Nel panorama nazionale la Puglia assume sempre più i contorni di un vero e proprio laboratorio nel quale sperimentare una nuova organizzazione del sistema spettacolo.
Il cambiamento inizia a prendere forma portando i primi importanti risultati, frutto di una semina abbondante e complessa: sviluppi legislativi con una nuova attenzione verso una politica culturale articolata e plurale, una seria programmazione di interventi, Istituzioni nuove ed efficienti, progetti dalla forte carica innovativa. Questi elementi costituiscono un’occasione storica per liberare le energie di imprese e professionalità, oltre a valorizzare il grande patrimonio creativo del nostro territorio.
Il ruolo del TPP non poteva rimanere invariato all’interno di un processo di costante crescita e mutamento, diventandone uno dei principali motori propulsivi.
Un ruolo nuovo in risposta ad una nuova sfida. Una struttura efficiente in grado di dare attuazione alle politiche culturali della Regione e degli EE.LL. Ma soprattutto un laboratorio progettuale in grado di drenare risorse in Puglia e di innescare cambiamenti: Sette Progetti Interreg, un Equal tutto dedicato al lavoro (unico in Italia), progetti nazionali e internazionali per nuove produzioni.
Ed ancora, il Patto per lo Spettacolo e le Attività Culturali (firmato tra Regione e MiBac) e due diversi Accordi di Programma Quadro (Ministero Sviluppo Economico e MiBac) di cui il TPP è oggi soggetto attuatore, dopo esserne stato ideatore e soprattutto propugnatore.
Grazie a questi interventi si sta realizzando la “Rete dei Teatri Storici in Puglia”, un sistema innovativo di utilizzo degli spazi teatrali più pregiati in grado di aumentarne l’efficienza e la fruibilità, con un ampio ricorso alle nuove tecnologie, ed il grande progetto di residenze teatrali “Teatri Abitati”, vera e propria linfa per lo sviluppo di tutto il sistema.

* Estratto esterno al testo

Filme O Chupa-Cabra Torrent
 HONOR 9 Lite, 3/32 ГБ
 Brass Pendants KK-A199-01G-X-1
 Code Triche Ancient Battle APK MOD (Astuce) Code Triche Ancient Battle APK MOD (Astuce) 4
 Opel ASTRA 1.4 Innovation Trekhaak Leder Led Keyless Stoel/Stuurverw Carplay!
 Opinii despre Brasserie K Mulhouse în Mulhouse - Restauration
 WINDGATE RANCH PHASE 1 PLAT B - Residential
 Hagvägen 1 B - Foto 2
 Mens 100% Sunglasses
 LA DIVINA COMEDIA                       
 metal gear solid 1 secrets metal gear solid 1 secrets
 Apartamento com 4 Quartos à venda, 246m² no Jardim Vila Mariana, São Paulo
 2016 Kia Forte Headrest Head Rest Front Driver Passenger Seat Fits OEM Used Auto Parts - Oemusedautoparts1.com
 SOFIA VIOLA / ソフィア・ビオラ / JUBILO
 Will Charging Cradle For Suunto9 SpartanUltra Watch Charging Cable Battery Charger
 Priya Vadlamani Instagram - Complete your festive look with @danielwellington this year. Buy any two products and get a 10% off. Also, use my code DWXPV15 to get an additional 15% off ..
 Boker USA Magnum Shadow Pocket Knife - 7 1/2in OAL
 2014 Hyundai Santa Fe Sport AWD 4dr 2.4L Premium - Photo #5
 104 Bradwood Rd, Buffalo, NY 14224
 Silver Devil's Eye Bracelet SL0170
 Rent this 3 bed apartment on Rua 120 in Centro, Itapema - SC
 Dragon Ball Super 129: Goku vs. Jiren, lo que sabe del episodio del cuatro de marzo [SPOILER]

L’impegno degli ultimi anni è stato predisporre questi strumenti, attraverso un lavoro paziente e nascosto. Ora gli ingredienti ci sono tutti per operare quel salto – in termini di qualità e di sviluppo – che la Puglia dello spettacolo può finalmente fare.
Tutto questo non sarebbe mai stato possibile senza la fitta rete di Comuni e Province (55) che il TPP lega nel circuito al quale, dal 2007, si è aggiunta anche la Regione Puglia: nessun altro settore può contare su un simile patrimonio istituzionale.